**Exercise prompt:** Take the entries that follow and return exactly the lines from the one holding "Snyggt retro Peach" through the one holding "Outsunny Parrilla portátil", both included. Nothing else is needed.

Extracted data entries

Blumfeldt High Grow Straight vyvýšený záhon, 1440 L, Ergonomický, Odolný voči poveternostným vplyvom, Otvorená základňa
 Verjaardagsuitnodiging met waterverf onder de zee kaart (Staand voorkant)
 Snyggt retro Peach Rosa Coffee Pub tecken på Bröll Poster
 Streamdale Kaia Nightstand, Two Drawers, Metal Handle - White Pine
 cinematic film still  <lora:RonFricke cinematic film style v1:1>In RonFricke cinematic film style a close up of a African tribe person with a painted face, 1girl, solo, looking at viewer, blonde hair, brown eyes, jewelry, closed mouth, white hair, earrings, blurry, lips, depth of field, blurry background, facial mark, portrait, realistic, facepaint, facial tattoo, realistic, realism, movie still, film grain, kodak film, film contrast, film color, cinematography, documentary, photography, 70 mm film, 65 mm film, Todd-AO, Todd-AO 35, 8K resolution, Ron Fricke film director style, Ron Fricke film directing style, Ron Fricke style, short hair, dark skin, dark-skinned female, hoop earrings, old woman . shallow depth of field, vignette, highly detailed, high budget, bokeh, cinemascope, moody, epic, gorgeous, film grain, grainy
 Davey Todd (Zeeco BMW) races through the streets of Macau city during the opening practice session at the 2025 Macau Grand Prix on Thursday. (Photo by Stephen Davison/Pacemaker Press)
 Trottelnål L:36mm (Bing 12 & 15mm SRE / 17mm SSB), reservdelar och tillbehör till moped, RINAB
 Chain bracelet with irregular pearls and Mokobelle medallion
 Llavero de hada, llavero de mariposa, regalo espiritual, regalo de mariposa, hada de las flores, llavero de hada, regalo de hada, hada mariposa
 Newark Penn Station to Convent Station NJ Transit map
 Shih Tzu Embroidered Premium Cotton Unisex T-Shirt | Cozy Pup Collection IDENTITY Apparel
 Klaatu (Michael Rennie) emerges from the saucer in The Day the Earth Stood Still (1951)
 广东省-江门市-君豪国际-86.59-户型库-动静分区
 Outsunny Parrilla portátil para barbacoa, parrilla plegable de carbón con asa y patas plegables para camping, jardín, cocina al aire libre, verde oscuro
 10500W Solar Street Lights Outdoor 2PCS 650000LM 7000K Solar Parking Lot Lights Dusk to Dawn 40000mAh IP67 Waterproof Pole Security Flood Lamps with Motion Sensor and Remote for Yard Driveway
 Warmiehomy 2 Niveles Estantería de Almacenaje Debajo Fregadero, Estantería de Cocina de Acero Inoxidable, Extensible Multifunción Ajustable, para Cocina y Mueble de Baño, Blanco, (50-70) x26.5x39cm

**Response area:**
 Snyggt retro Peach Rosa Coffee Pub tecken på Bröll Poster
 Streamdale Kaia Nightstand, Two Drawers, Metal Handle - White Pine
 cinematic film still  <lora:RonFricke cinematic film style v1:1>In RonFricke cinematic film style a close up of a African tribe person with a painted face, 1girl, solo, looking at viewer, blonde hair, brown eyes, jewelry, closed mouth, white hair, earrings, blurry, lips, depth of field, blurry background, facial mark, portrait, realistic, facepaint, facial tattoo, realistic, realism, movie still, film grain, kodak film, film contrast, film color, cinematography, documentary, photography, 70 mm film, 65 mm film, Todd-AO, Todd-AO 35, 8K resolution, Ron Fricke film director style, Ron Fricke film directing style, Ron Fricke style, short hair, dark skin, dark-skinned female, hoop earrings, old woman . shallow depth of field, vignette, highly detailed, high budget, bokeh, cinemascope, moody, epic, gorgeous, film grain, grainy
 Davey Todd (Zeeco BMW) races through the streets of Macau city during the opening practice session at the 2025 Macau Grand Prix on Thursday. (Photo by Stephen Davison/Pacemaker Press)
 Trottelnål L:36mm (Bing 12 & 15mm SRE / 17mm SSB), reservdelar och tillbehör till moped, RINAB
 Chain bracelet with irregular pearls and Mokobelle medallion
 Llavero de hada, llavero de mariposa, regalo espiritual, regalo de mariposa, hada de las flores, llavero de hada, regalo de hada, hada mariposa
 Newark Penn Station to Convent Station NJ Transit map
 Shih Tzu Embroidered Premium Cotton Unisex T-Shirt | Cozy Pup Collection IDENTITY Apparel
 Klaatu (Michael Rennie) emerges from the saucer in The Day the Earth Stood Still (1951)
 广东省-江门市-君豪国际-86.59-户型库-动静分区
 Outsunny Parrilla portátil para barbacoa, parrilla plegable de carbón con asa y patas plegables para camping, jardín, cocina al aire libre, verde oscuro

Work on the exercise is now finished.